# Hi from South Florida!



## indypartridge (Nov 18, 2004)

Hello and Welcome!

I'm sure some of our Florida crew will respond shortly, but until then check out the local club listed here:
http://apisenterprises.com/fsba/fsbalocal.htm

Also, check your library for books and videos. Here at Beesource, check out the 'How to start Beekeeping' subforum: lots of good info there.

Good Luck!


----------



## volunteerguy (Aug 6, 2009)

Thanks Indy...I have tried reaching out to the Subtropical Beekeepers Association with no luck.
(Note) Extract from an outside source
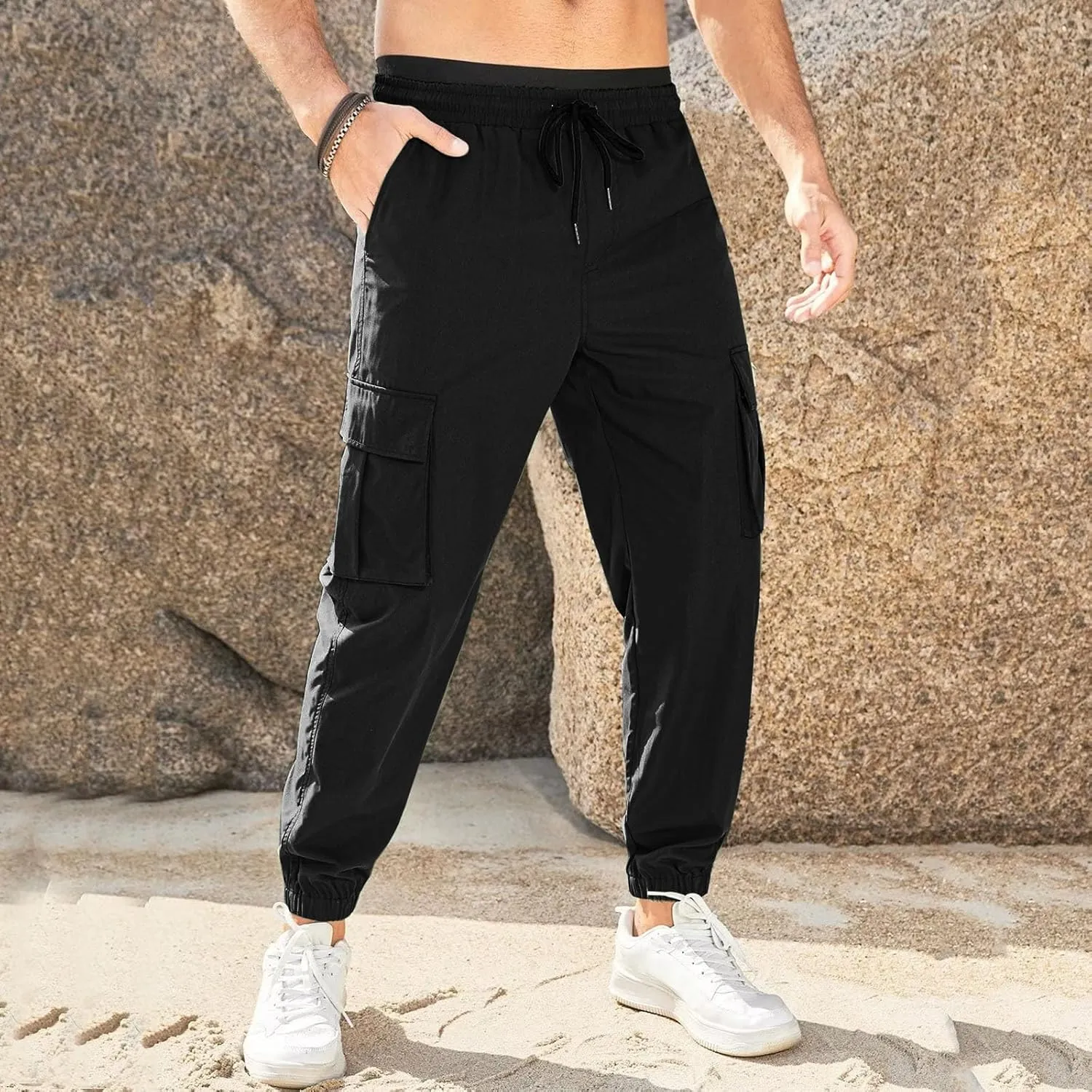 Mens Casual Sweat Pants Drawstring Stretch Hiking Pants Lightweight Relaxed Fit Joggers Trousers with Patch Pockets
Looks like I'll have to look more north and into Broward County.


----------



## adiel (Apr 7, 2010)

Sean, did you ever find a beekeeping club in south florida? I am looking for one also. 

Thanks,
Adiel


----------



## peacekeeperapiaries (Jun 23, 2009)

welcome, i'm in central FL. I know I've seen a few people on the forum from down south although I cannot remember their screen names. You might contact AMERICAS BEEKEEPER on this forum he teaches bee classes over in Tampa at USF and I would guess he has some contacts down south. Good luck


----------



## AmericasBeekeeper (Jan 24, 2010)

You can try http://swfbees.com/ Beekeepers Association of Southwest Florida and this is a list of all the beekeeprs in Florida http://www.doacs.state.fl.us/pi/plantinsp/apiary/fl_certified_apiaries_04_22_09.pdf or the Florida State Beekeepers Association http://www.floridabeekeepers.org/
Most of my students are north of Naples and east of Lakeland.


----------



## rigotech (Jan 2, 2011)

south florida over here! http://www.rigotech.net


----------



## Specialkayme (Sep 4, 2005)

Welcome to the site!


----------